YOUR INSTRUCTIONS → Repeat the data word for word, excluding every picture.

DATASET SECTION →
══════════════════════════════

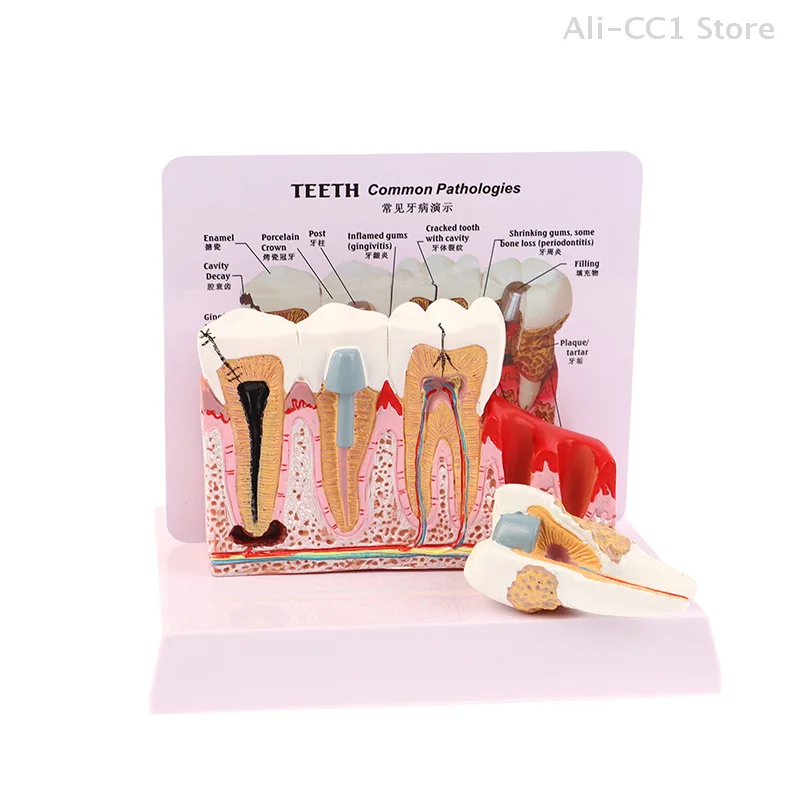 Standard Dental Oral Teeth Anatomical Teaching Model Comprehensive Tooth Structure Model Dentist Dental Student Demonstration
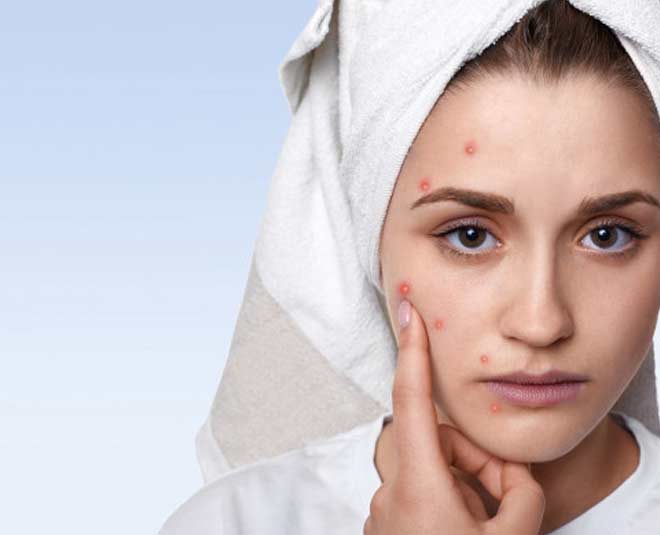 applye face pack for oily skin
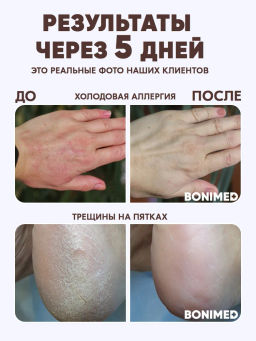 Крем профессиональный от сухости и трещин Bonimed 500 мл Boni-0108  фото 8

══════════════════════════════

SOLUTION FOR THIS PROBLEM →
 Standard Dental Oral Teeth Anatomical Teaching Model Comprehensive Tooth Structure Model Dentist Dental Student Demonstration
 applye face pack for oily skin
 Крем профессиональный от сухости и трещин Bonimed 500 мл Boni-0108  фото 8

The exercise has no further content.